> **Your objective**: Your copy should begin at the line containing "Men 10.0US Nike" and end at the last line of the records; transcribe those lines exactly and leave out every picture.

> **Records shown**:
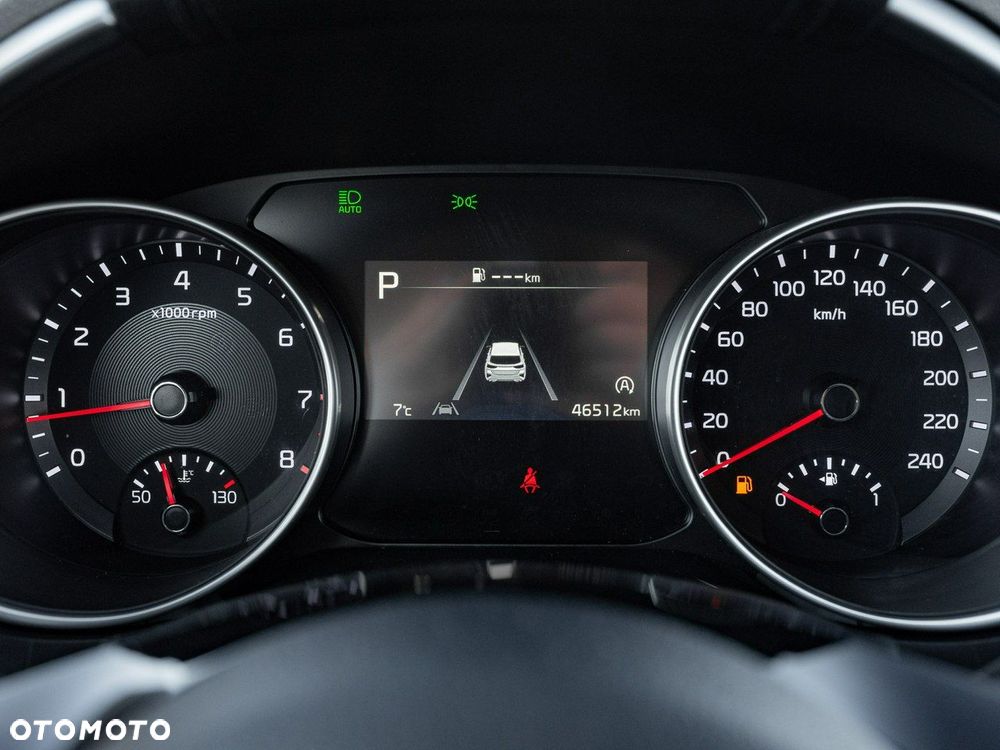 Kia Ceed 1.5 T-GDI M DCT - 15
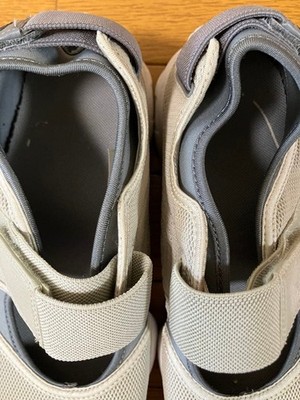 Men 10.0US Nike Air Rift Vhtf Grey Siz Men Sneaker Original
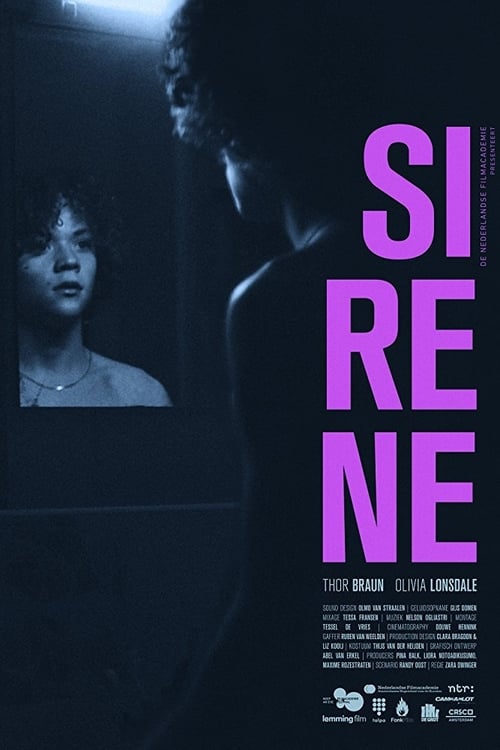Sirene (2017) Full Movie HD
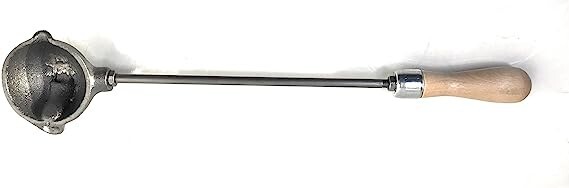 Casting Ladle Bottom Pour Rowell #2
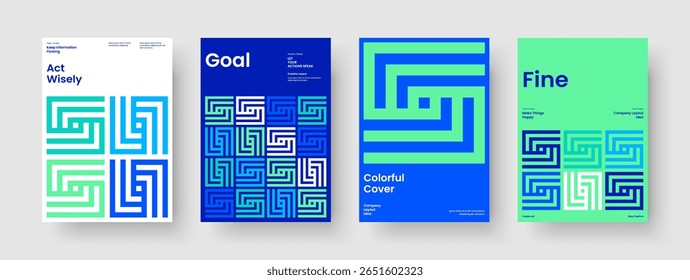 Isolated Banner Layout. Modern Business Presentation Template. Creative Flyer Design. Poster. Background. Brochure. Book Cover. Report. Catalog. Portfolio. Newsletter. Pamphlet. Brand Identity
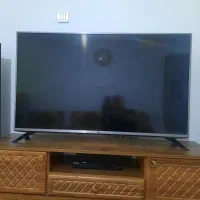 ال ای دی الجی ۴۹ اینچ|تلویزیون و پروژکتور|کرج, کرج نو|دیوار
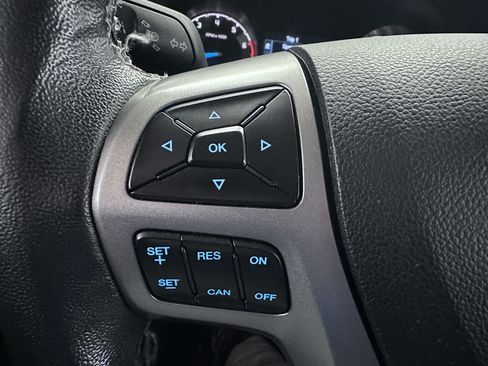 Used 2019 Ford Ranger XLT w/ Equipment Group 302A Luxury AWD/4WD image 55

> **Answer to this exercise**:
 Men 10.0US Nike Air Rift Vhtf Grey Siz Men Sneaker Original
Sirene (2017) Full Movie HD
 Casting Ladle Bottom Pour Rowell #2
 Isolated Banner Layout. Modern Business Presentation Template. Creative Flyer Design. Poster. Background. Brochure. Book Cover. Report. Catalog. Portfolio. Newsletter. Pamphlet. Brand Identity
 ال ای دی الجی ۴۹ اینچ|تلویزیون و پروژکتور|کرج, کرج نو|دیوار
 Used 2019 Ford Ranger XLT w/ Equipment Group 302A Luxury AWD/4WD image 55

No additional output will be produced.